While there are certainly appropriate times and situations for using convertible notes, we at UCAN and the SC Angel Network find that startups too often default to convertible notes when they are not the best approach – for the entrepreneurs or the investors.
By definition, convertible notes, which are a form of debt, are intended to convert into equity – or a portion of ownership in the company – in the future. By structuring the investment as debt rather than equity, the entrepreneurs and investors delay the always-challenging task of determining a price, or valuation, for the company. Instead, the note is structured to convert into equity based on the price of an assumed future round of equity investment, usually at a discount of 10 to 25 percent of the price of the new round.
While the discount provides some additional value for the early investors, it rarely provides adequate compensation for the disproportionate risk the note holders took prior to the new round of investment. If the company successfully deploys the capital from the convertible note and gains traction according to its plan, the price of the new round of equity will be such that even with the discount, noteholders pay a much higher price than would have been appropriate for the level of risk at the time of investment.
A valuation cap can be added to the terms of the note to mitigate this risk for investors, but in most cases the cap is still higher than the appropriate valuation at the time – and since the cap requires a price negotiation anyway (which notes are designed to avoid), it usually makes more sense to negotiate a fair price for the equity at the time of the original investment.
No pathway to conversion
A more acute risk in our market – unlike the West Coast where venture capital is relatively abundant – is that the so-called “bridge note” turns into a “pier” with no clear pathway to conversion, which leaves investors and entrepreneurs in a precarious position.
For instance, entrepreneurs often fail to recognize the crippling impact an unconverted note can have on the company’s balance sheet. If the note doesn’t convert in a relatively short time frame, the accruing interest can add up to a large number that may severely limit the company’s future prospects.
Any new equity investor will adjust down the pre-money valuation offered in order to account for the post-investment impact of the converting principal and interest from the notes. Additionally, if the bridge becomes a pier, the accruing debt can ultimately put investors in position to call their notes, pushing the company into default and ultimately taking over the assets of the company with no recourse for the equity holders like founders and employees.
Tax consequences and misalignment
Another key issue for investors is the tax consequences of convertible notes. When the accruing interest on the note converts into equity at the time of conversion, investors are required to pay income tax on the interest earned – even though they are not receiving cash from the company. Additionally, the capital gains clock for investors doesn’t start at the time of the convertible note investment, but rather at the time of conversion – so if the company were to be acquired within the first year after conversion, investors would be required to pay ordinary income taxes on their gains, rather than the capital gains rate which would apply in the case of an equity investment held for more than one year.

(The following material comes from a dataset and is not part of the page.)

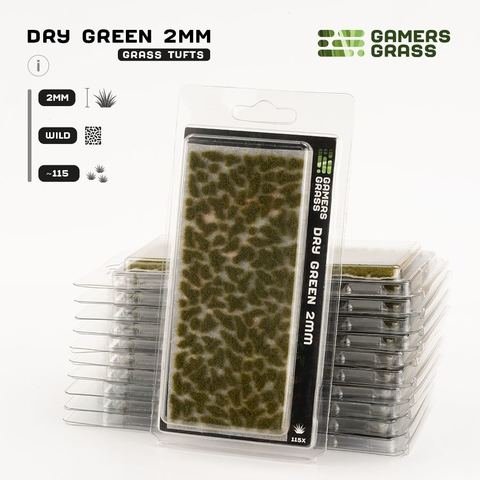 Dry Green 2mm Tufts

Perhaps the most problematic aspect of using convertible notes is the misalignment it creates between investors and entrepreneurs. When it comes time for the next round of investment, instead of investors and founders being aligned as equity holders seeking the highest reasonable valuation, the investors now have incentive to argue for a lower valuation to improve their equity position upon conversion.
Furthermore, by delaying the conversation about valuation, the entrepreneurs miss an opportunity to test the relationship with the investor, and vice versa. If the two parties can’t have a productive conversation about the subjective and challenging topic of valuation, it may signal potential issues the parties will encounter when faced with the inevitable, inherent challenges and conflicts that arise in all startup companies.
Finally, many entrepreneurs choose to raise money via convertible notes because they can be issued faster and cheaper than a preferred equity round. While this is true to some extent, the advent of standardized equity round documents like Series Seed has mitigated these differences significantly. In the end, creating alignment between investors and founders will prove to be much less expensive than the incremental cost of issuing equity instead of a convertible note.
Given the challenges associated with convertible notes, we at UCAN and SCAN tend to avoid them (except in cases where there is a high probability of a conversion event or acquisition within just a few months of the note investment), and we encourage entrepreneurs to think twice before defaulting to the trendy wave of convertible notes.